Evaluating Pre-trained Word Embeddings¶
Word embeddings can be evaluated on intrinsic and extrinsic tasks.
gluonnlp
facilitates the work with both of them by providing common
datasets and helpful abstractions. In this notebook we show how to
evaluate embeddings on the intrinsic similarity and analogy tasks.
The used GloVe and fastText word embeddings in this tutorial are from the following sources:
- GloVe project website:https://nlp.stanford.edu/projects/glove/
- fastText project website:https://fasttext.cc/
Let us first import the following packages.
In [1]:
import warnings
warnings.filterwarnings('ignore')
import mxnet as mx
import gluonnlp as nlp
Intrinsic evaluation¶
While word embeddings are in industry mainly interesting for their use in improving performance in downstream tasks, direct evaluation on those tasks may be expensive and infeasible while experimenting with a large number of embeddings. Evaluation of word embeddings on such downstream tasks is called extrinsic evaluation.

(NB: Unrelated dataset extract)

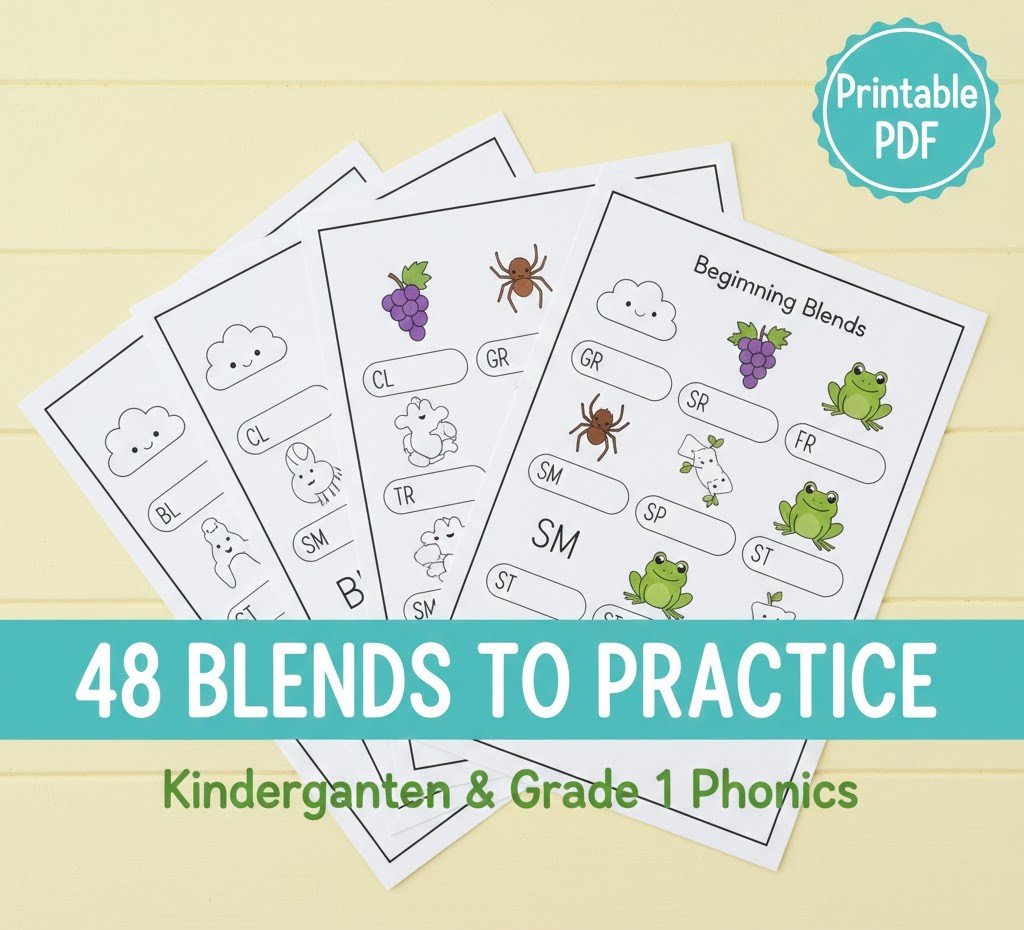 Master the Sounds: Beginning Blends Matching & Coloring Activity Pack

Intrinsic evaluation tasks on the contrary aim to judge the quality of word embeddings directly.
Word Similarity and Relatedness Task¶
Word embeddings should capture the relationsship between words in natural language. In the Word Similarity and Relatedness Task word embeddings are evaluated by comparing word similarity scores computed from a pair of words with human labels for the similarity or relatedness of the pair.
gluonnlp
includes a number of common datasets for the Word
Similarity and Relatedness Task. The included datasets are listed in the
API
documentation.
We use several of them in the evaluation example below.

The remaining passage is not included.